Multiple linear regression is a supervised learning algorithm that is used to predict a single dependent variable based on multiple independent variables. In multiple linear regression, we try to fit a linear equation that best represents the relationship between the dependent variable and the independent variables.
The equation for multiple linear regression is:
y = b0 + b1*x1 + b2*x2 + ... + bn*xn
Here, y is the dependent variable, b0 is the constant, b1 to bn are the coefficients, and x1 to xn are the independent variables.

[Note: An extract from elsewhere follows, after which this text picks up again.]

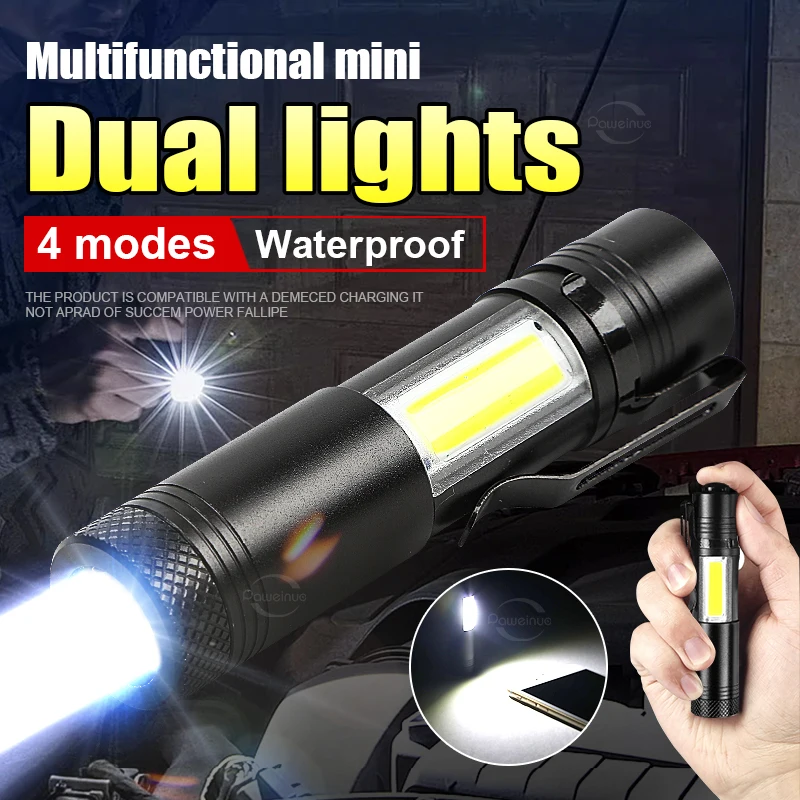 

Mini Rechargeable LED Flashlight COB+Q5 Portable Torch Camping EDC Lantern Light Tactical Flashlight with Pen Clip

The primary objective of multiple linear regression is to minimize the distance between the predicted values and the actual values. This distance is called the error, and it is calculated as the difference between the predicted value and the actual value.
Before applying multiple linear regression, we need to check the assumptions of the model. Here are some of the assumptions of multiple linear regression:
The relationship between the dependent variable and the independent variables should be linear.
The observations should be independent of each other.
The variance of the errors should be constant across all levels of the independent variables.
The errors should follow a normal distribution.
The independent variables should not be highly correlated with each other.
In this section, we'll learn how to implement multiple linear regression in Python using scikit-learn, a popular machine learning library.
Here's a step-by-step guide on how to implement multiple linear regression in Python:
Import the necessary libraries:
import pandas as pd
import numpy as np
from sklearn.linear_model import LinearRegression
from sklearn.model_selection import train_test_split
from sklearn.metrics import r2_score
Load the dataset:
data = pd.read_csv('data.csv')
Split the dataset into training and testing sets:
X = data.iloc[:, :-1].values
y = data.iloc[:, -1].values
X_train, X_test, y_train, y_test = train_test_split(X, y, test_size=0.2, random_state=55)
Train the model:
regressor = LinearRegression()
regressor.fit(X_train, y_train)
Make predictions
y_pred = regressor.predict(X_test)
Evaluate the model:
r2_score(y_test, y_pred)
This will give you the R2 score, which is a measure of how well the model fits the data. The R2 score ranges from 0 to 1, where 1 indicates a perfect fit.
Back to Linear Regression Model
In linear regression, there are a few hyperparameters that can be set to control the behavior of the model.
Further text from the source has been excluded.